Published in final edited form as: J Matern Fetal Neonatal Med. 2019 Feb 7;33(19):3318–3323. doi: 10.1080/14767058.2019.1571575

Exposure to Group B Streptococcal Antibiotic Prophylaxis and Early Childhood Body Mass Index in a Vaginal Birth Cohort

Torri D Metz 1, Jennifer McKinney 2, Amanda A Allshouse 3, Shanna Doucette Knierim 2,4, J Christopher Carey 2,4, Kent D Heyborne 2,4
PMCID: PMC6957762  NIHMSID: NIHMS1065777  PMID: 30651010

Abstract

Objective:

Perinatal antibiotic exposure may be associated with changes in both early infancy gut microbiota and later childhood obesity. Our objective was to evaluate if Group B Streptococcus (GBS) antibiotic prophylaxis is associated with higher body mass index (BMI) in early childhood.

Methods:

Retrospective cohort study of mother/child dyads in a single hospital system over a 6-year period. All women with term, singleton, vertex, vaginal deliveries who received no antibiotics or received antibiotics only for GBS prophylaxis and whose children had BMIs available at 2–5 years of age were included. Children were divided into three groups for comparison: children born to GBS positive mothers that received antibiotics solely for GBS prophylaxis, children born to GBS negative women that received no antibiotics (healthy controls), and children born to GBS positive mothers who received no antibiotics. The primary outcome was the earliest available child BMI Z-score at 2–5 years of age. Multivariable linear regression was used to estimate differences in child BMI Z-scores between groups, adjusted for maternal BMI, age, race, parity, tobacco use, and child birthweight.

Results:

Of 4825 women, 786 (16.3%) were GBS positive and received prophylactic antibiotics, 3916 (81.2%) were GBS negative and received no antibiotics, and 123 (2.5%) were GBS positive but received no antibiotics.
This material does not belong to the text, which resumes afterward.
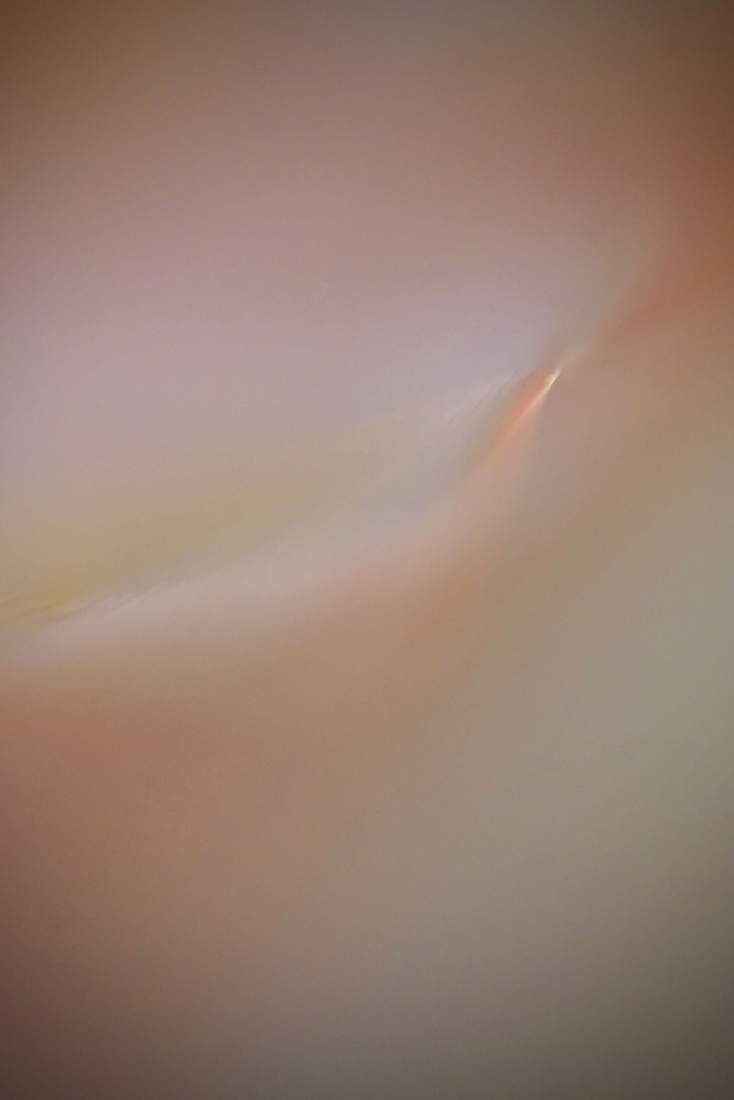 DSC05689.jpg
Childhood BMI Z-scores were similar between children exposed to intrapartum GBS prophylaxis and healthy controls who were unexposed in both unadjusted (mean (SE), 0.04 (0.04) versus −0.3 (0.02), p=0.11) and adjusted (0.01 (0.05) versus −0.04 (0.03), p=0.3) models.

Conclusions:

Exposure to intrapartum antibiotic prophylaxis for GBS was not associated with higher early childhood BMI Z-scores compared to healthy controls.

Keywords: microbiome, antibiotics, intrapartum, Group B Streptococcus, obesity

Introduction

Establishment of the intestinal microbiome in newborns starts in utero and can be impacted by antibiotic exposure.1,2 Ante- and postnatal antibiotics have been associated with changes in the gut microbiome.3,4 Some changes in composition are transient, while others persist long term.24

The microbiome is essential in determining energy extraction from food and plays a central role in metabolic pathways.2 Animal studies clearly show a direct effect of early antibiotic therapy on gene expression in key metabolic processes and overall adiposity.5 Human studies have demonstrated differential composition of intestinal microbiomes in over- versus normal-weight adult women6,7 and children.4,8,9 Further, in large cohort studies, early antibiotic use is associated with more frequent childhood obesity, especially in boys.4,1016

Intrapartum antibiotic exposure is associated with changes in infant fecal microbiota, with decreased quantities and diversity of actinobacteria and bifidobacteria, and an overabundance of proteobacteria.1720 While it is known that gut microbiome composition is affected by antepartum and early childhood antibiotics, and that microbiota have a significant effect on metabolism and obesity, it is not clear if intrapartum antibiotics are associated with childhood obesity.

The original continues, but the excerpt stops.